Contrats PEC retirés : Serge Hoareau règle ses comptes avec la Région et son opposante

Le maire de Petite-Île, Serge Hoareau, sort de sa réserve après le retrait de 10 contrats PEC destinés au Pays Touristique du Sud Sauvage. Il accuse directement son opposante municipale Lorraine Nativel d’avoir provoqué cette décision lors de la commission permanente de la Région.
La colère est assez rare pour être remarquée.
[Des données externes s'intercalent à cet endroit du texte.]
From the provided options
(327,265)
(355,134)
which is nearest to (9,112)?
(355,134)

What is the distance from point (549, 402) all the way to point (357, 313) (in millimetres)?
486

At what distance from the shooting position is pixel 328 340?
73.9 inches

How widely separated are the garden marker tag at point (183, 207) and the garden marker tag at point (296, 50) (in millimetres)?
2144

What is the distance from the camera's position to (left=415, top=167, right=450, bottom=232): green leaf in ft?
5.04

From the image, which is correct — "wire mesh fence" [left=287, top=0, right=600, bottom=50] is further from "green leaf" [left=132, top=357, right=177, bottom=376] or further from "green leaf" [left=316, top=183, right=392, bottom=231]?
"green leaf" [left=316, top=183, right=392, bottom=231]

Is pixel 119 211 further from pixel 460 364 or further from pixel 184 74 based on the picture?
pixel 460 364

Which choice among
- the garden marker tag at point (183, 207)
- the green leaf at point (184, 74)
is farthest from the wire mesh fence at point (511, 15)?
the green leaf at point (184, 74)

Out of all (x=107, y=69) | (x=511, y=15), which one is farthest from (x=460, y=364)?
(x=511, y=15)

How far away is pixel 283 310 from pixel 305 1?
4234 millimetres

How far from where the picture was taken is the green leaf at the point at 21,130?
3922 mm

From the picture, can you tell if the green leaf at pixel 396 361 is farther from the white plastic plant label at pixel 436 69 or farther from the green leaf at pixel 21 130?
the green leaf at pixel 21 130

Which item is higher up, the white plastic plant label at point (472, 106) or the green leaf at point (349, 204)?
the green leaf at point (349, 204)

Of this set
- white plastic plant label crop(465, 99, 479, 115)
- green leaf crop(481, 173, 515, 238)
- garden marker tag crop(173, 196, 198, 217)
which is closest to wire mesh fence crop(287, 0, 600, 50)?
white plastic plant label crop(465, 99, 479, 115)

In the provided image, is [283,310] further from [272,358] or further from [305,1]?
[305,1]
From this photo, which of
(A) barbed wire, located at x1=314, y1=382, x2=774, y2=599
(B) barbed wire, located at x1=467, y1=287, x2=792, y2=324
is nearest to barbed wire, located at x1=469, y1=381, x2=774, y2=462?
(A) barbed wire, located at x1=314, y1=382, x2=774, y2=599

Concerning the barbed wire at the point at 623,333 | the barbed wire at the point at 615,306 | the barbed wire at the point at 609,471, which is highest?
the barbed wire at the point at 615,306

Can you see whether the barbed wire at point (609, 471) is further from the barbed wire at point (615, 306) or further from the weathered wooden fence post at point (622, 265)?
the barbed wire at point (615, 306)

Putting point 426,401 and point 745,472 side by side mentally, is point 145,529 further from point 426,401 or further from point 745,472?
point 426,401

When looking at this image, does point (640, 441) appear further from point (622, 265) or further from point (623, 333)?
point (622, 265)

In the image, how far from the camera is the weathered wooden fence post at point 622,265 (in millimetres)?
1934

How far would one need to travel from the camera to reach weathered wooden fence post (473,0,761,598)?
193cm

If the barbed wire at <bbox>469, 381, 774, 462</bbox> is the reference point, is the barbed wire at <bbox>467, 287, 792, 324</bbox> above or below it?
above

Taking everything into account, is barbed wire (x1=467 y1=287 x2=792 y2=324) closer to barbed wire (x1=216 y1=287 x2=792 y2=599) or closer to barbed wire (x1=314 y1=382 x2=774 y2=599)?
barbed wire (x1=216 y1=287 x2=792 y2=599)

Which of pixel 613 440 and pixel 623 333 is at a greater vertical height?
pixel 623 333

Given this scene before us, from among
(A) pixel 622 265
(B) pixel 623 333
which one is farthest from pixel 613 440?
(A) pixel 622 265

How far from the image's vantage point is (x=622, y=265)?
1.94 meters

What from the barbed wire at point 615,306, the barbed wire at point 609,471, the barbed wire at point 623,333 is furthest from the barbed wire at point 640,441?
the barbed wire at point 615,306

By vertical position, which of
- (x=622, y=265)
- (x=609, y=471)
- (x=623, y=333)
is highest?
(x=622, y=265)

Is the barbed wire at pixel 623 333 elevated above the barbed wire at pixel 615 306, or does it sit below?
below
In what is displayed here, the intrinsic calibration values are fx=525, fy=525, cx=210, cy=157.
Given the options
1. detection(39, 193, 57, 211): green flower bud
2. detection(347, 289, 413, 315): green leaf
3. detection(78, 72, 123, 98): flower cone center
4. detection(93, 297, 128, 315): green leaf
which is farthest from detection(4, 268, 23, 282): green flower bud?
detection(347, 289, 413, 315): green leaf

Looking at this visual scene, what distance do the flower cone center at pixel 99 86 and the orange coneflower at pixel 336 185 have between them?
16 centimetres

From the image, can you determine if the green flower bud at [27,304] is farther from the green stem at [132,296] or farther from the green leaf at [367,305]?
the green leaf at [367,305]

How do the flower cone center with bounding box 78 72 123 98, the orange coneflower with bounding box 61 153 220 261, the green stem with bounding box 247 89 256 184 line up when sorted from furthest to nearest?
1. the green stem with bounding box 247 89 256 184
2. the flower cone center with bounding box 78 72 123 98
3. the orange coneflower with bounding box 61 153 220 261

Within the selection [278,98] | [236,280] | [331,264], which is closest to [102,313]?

Serge Hoareau hausse le ton après une décision de la commission permanente de la Région, réunie ce vendredi 19 juin sous la présidence d’Huguette Bello.
En cause : le retrait de 10 contrats PEC qui devaient être attribués au Pays Touristique du Sud Sauvage pour l’entretien de plusieurs sites touristiques de Petite-Île, dont le Domaine du Relais, le Vivier et le Sentier des Agriculteurs.
Dans un communiqué particulièrement offensif, le maire de Petite-Île affirme que cette décision a été prise « à la demande expresse » de Lorraine Nativel, deuxième vice-présidente de la Région et élue d’opposition dans sa commune.
Des sites touristiques privés de moyens humains
Selon Serge Hoareau, ces contrats permettent d’assurer l’entretien de sites très fréquentés à Petite-Île. Il rappelle que le Pays Touristique du Sud Sauvage contribue depuis plus de trente ans à l’entretien et à la valorisation de ces espaces, notamment grâce aux contrats emplois verts de la Région.
Le motif avancé pour retirer ces contrats serait, selon le communiqué, que ces emplois n’auraient pas vocation à assurer l’entretien des sites et du Sentier des Agriculteurs. Une justification que le maire juge « pour le moins surprenante ».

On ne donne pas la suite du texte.